▶ _WHAT TO WORK ON_
Please transcribe, word for word, only the lines from the one containing "Young woman with" through the last line of the records below, both included, and leave out every picture.

Saved data entries:

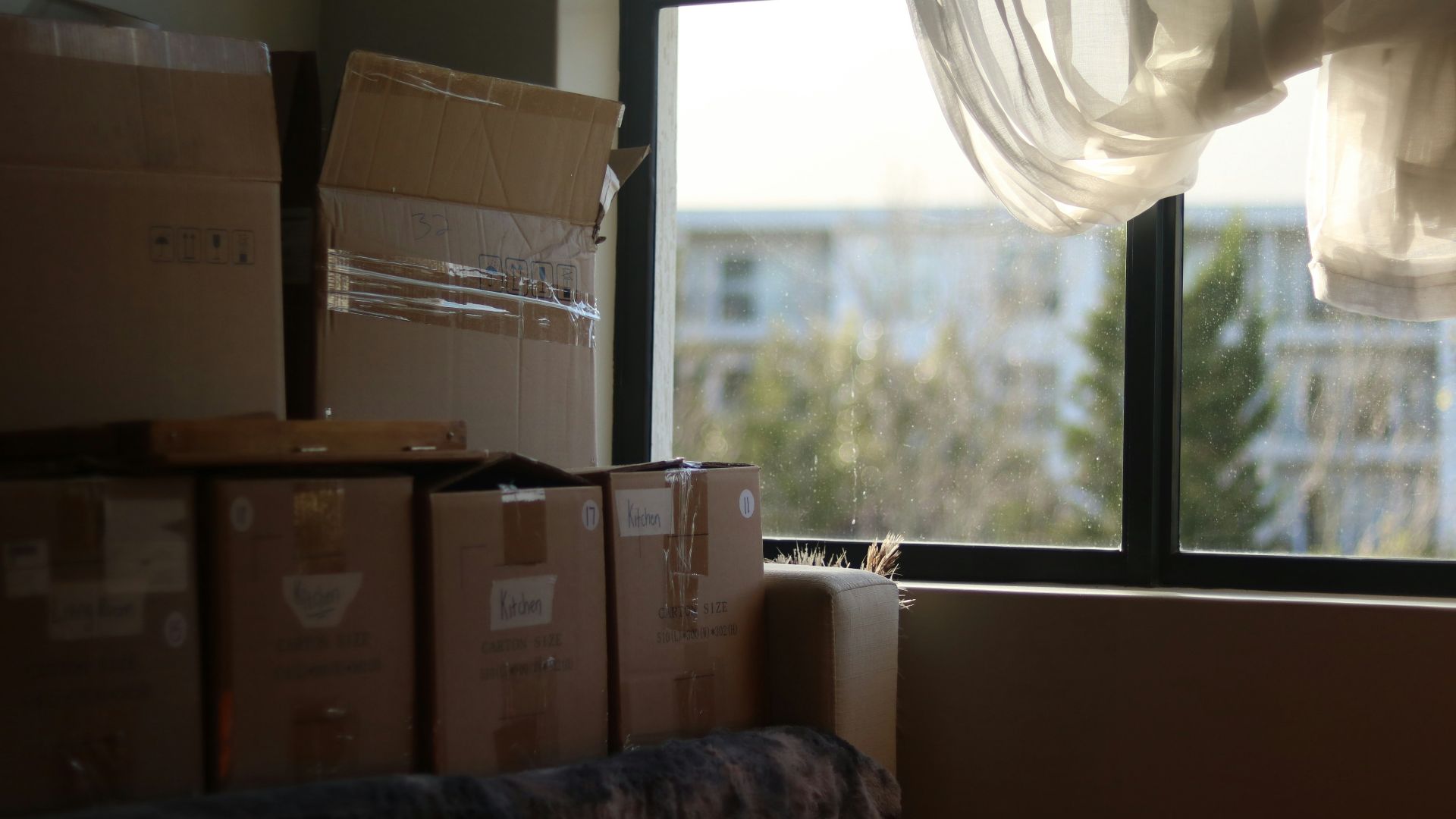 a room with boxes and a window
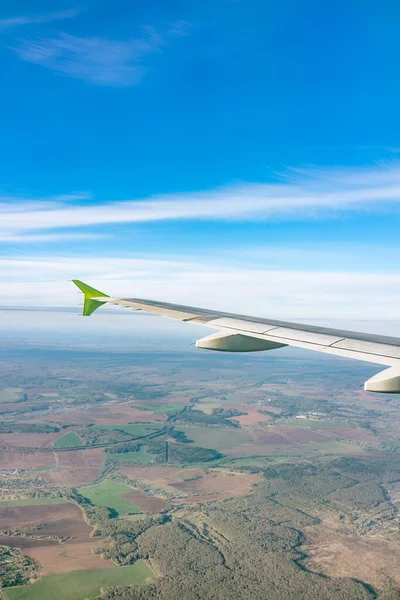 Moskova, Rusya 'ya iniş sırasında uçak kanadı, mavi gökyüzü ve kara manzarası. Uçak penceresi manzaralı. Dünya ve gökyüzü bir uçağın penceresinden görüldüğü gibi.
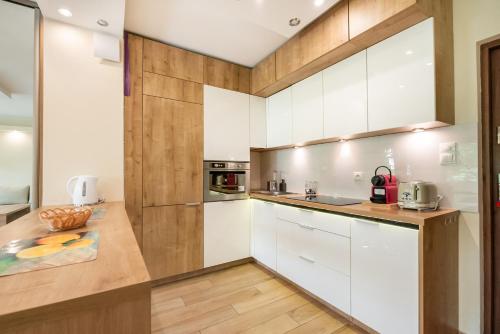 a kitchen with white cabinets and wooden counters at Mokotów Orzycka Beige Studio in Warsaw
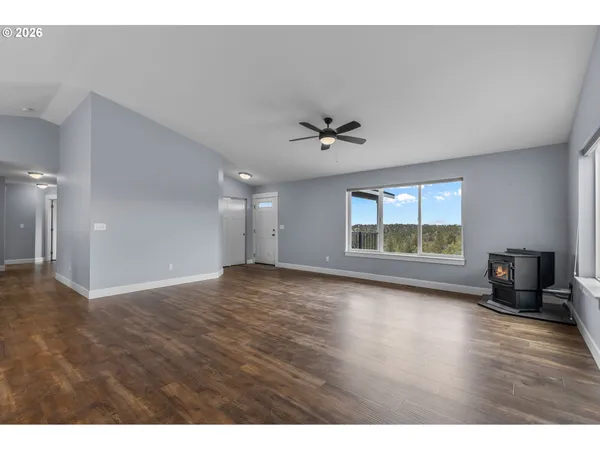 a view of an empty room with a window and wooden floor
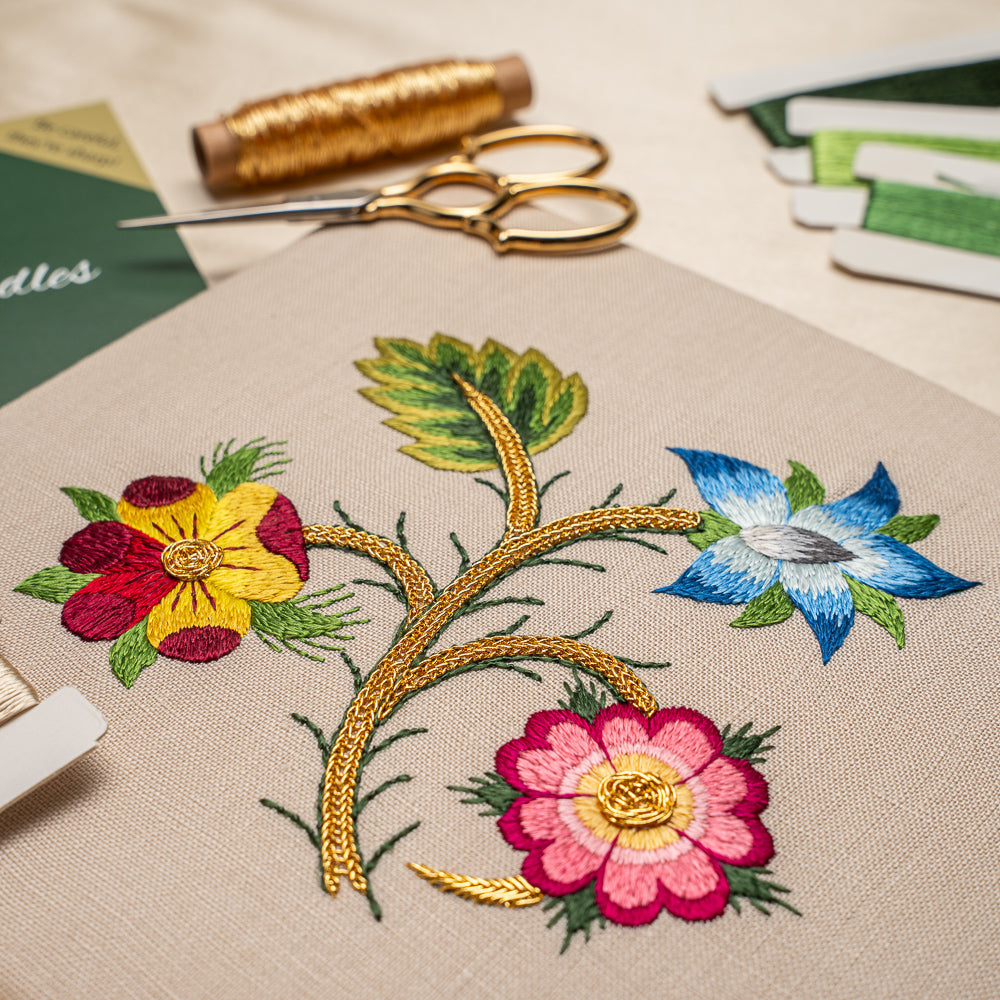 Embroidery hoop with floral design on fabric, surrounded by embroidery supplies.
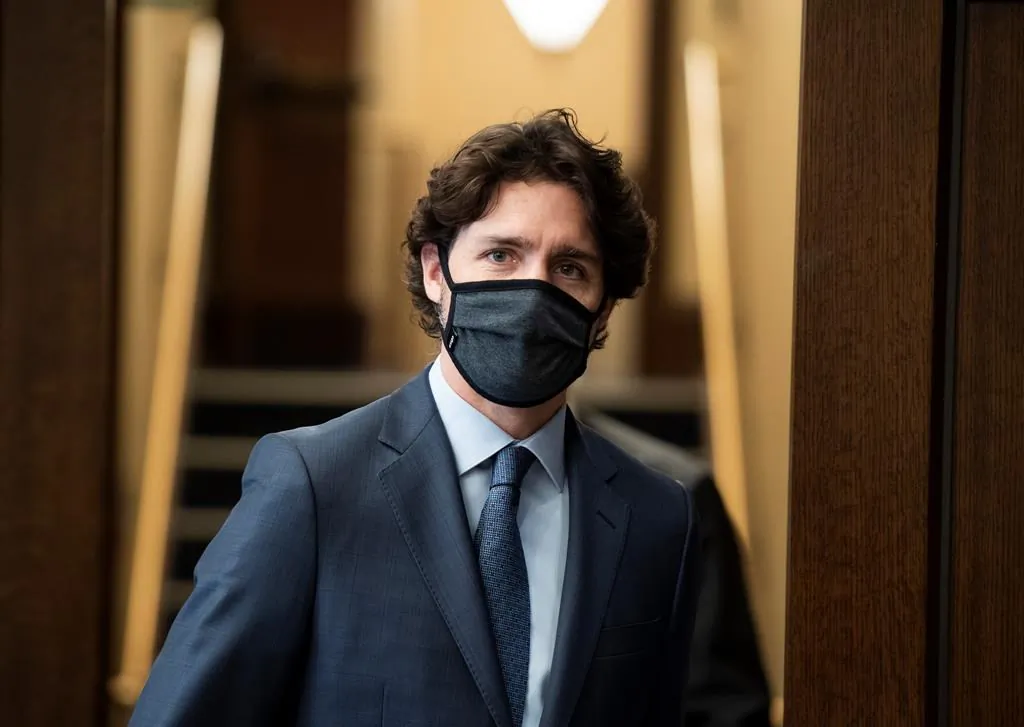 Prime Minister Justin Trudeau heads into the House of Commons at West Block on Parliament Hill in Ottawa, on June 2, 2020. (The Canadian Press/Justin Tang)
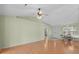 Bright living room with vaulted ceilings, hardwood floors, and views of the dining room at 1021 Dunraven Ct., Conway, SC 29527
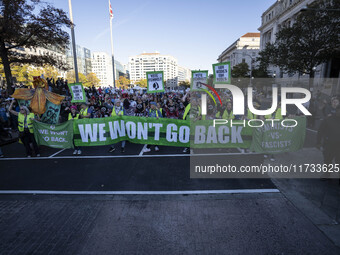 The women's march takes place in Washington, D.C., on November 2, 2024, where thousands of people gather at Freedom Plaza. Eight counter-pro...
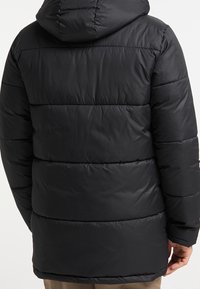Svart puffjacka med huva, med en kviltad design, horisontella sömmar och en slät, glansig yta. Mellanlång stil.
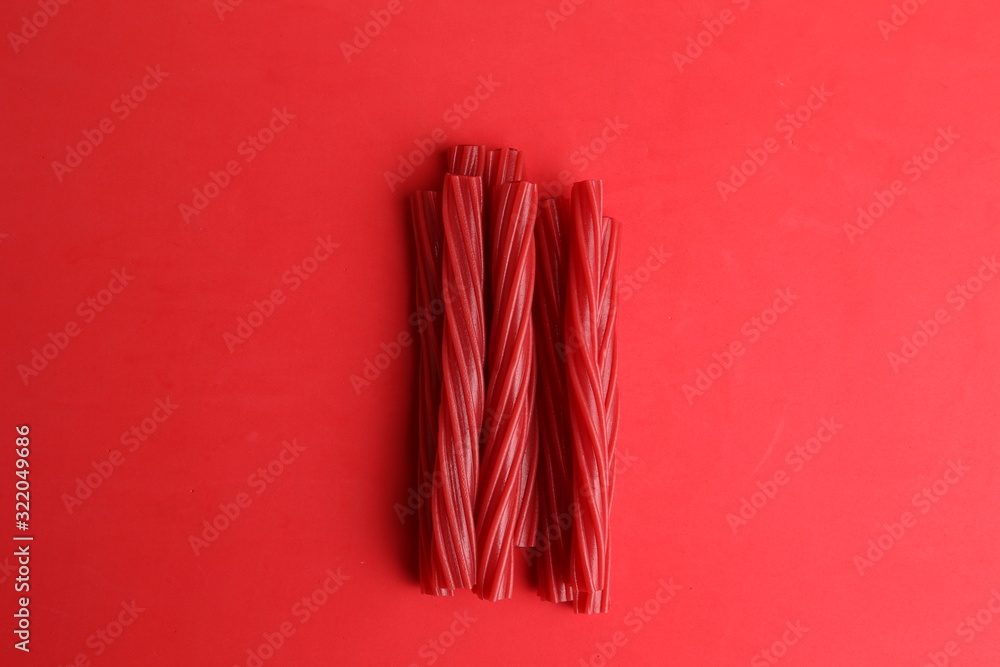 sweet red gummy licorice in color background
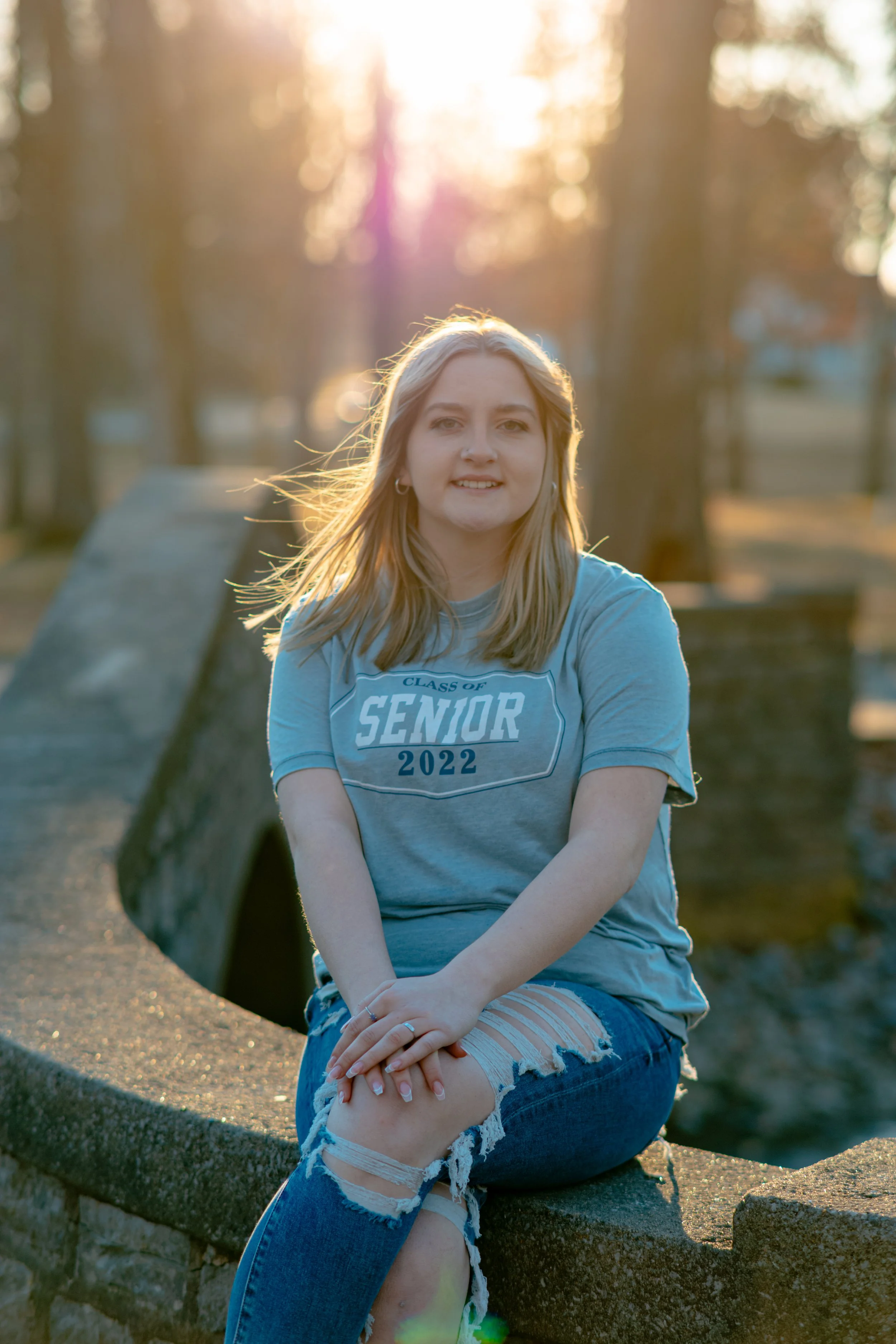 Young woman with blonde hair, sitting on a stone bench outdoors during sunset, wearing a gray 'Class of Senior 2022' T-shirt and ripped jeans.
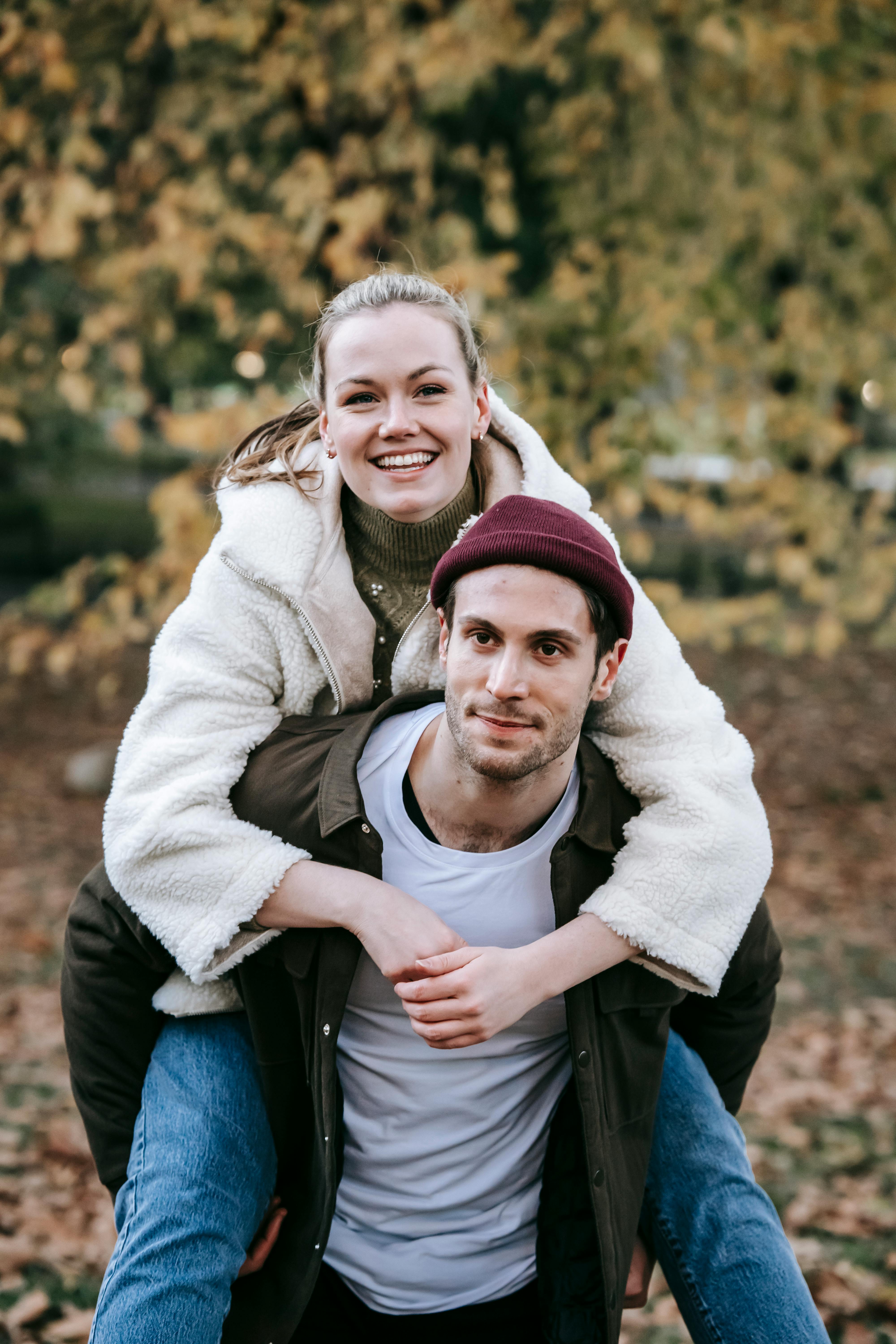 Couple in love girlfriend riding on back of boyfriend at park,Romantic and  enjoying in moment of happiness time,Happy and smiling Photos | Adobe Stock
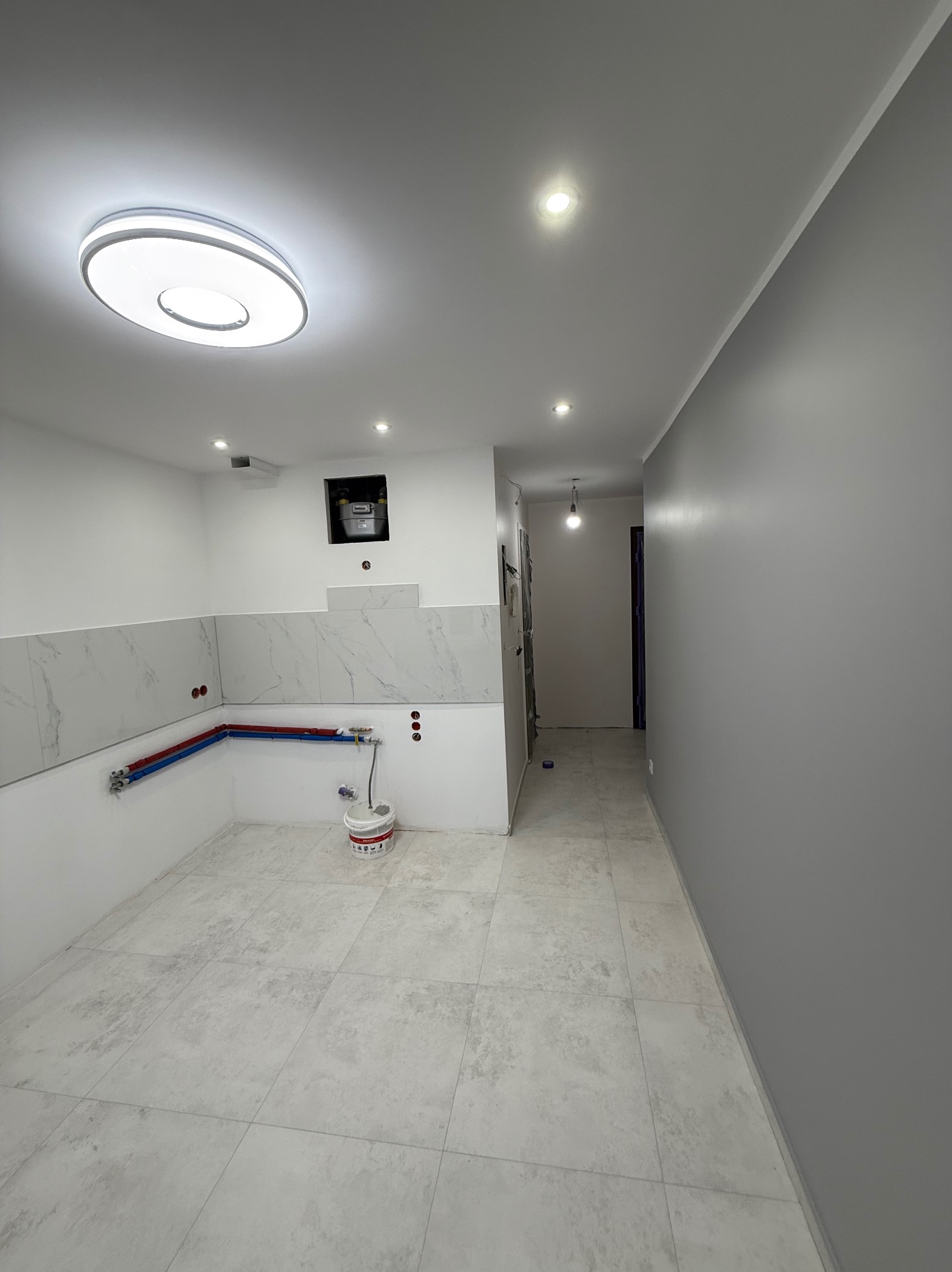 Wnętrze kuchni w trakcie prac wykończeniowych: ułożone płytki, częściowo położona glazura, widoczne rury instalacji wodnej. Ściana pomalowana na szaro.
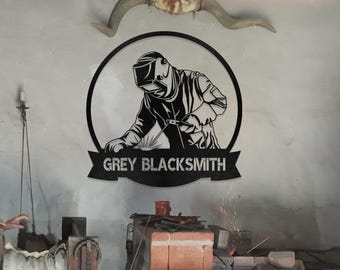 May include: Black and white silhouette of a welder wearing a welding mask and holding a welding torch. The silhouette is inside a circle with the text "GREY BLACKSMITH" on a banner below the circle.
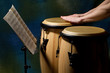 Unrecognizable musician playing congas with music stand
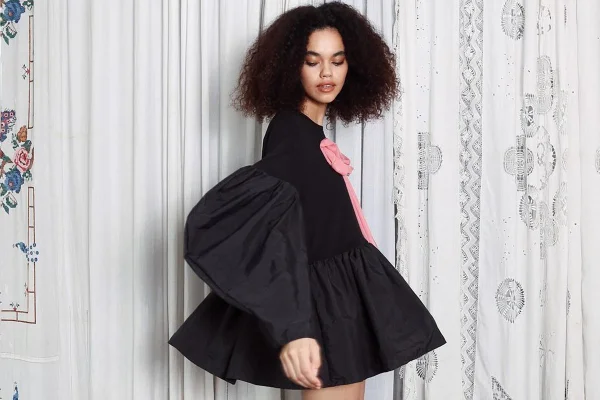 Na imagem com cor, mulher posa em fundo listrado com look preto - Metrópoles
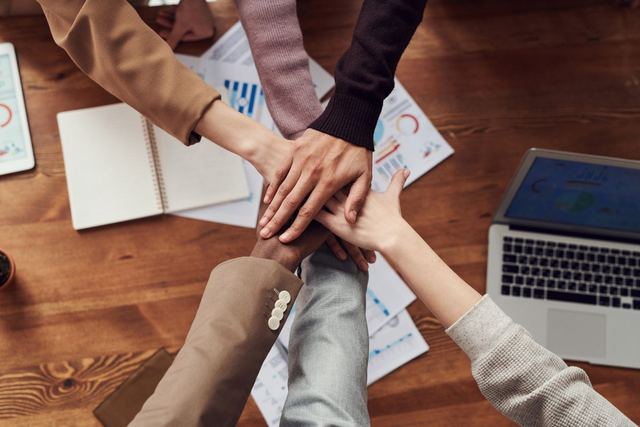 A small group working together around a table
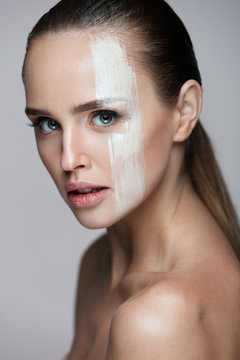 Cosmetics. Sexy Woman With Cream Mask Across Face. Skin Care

▶ _OUTPUT OF THE EXERCISE_
 Young woman with blonde hair, sitting on a stone bench outdoors during sunset, wearing a gray 'Class of Senior 2022' T-shirt and ripped jeans.
 Couple in love girlfriend riding on back of boyfriend at park,Romantic and  enjoying in moment of happiness time,Happy and smiling Photos | Adobe Stock
 Wnętrze kuchni w trakcie prac wykończeniowych: ułożone płytki, częściowo położona glazura, widoczne rury instalacji wodnej. Ściana pomalowana na szaro.
 May include: Black and white silhouette of a welder wearing a welding mask and holding a welding torch. The silhouette is inside a circle with the text "GREY BLACKSMITH" on a banner below the circle.
 Unrecognizable musician playing congas with music stand
 Na imagem com cor, mulher posa em fundo listrado com look preto - Metrópoles
 A small group working together around a table
 Cosmetics. Sexy Woman With Cream Mask Across Face. Skin Care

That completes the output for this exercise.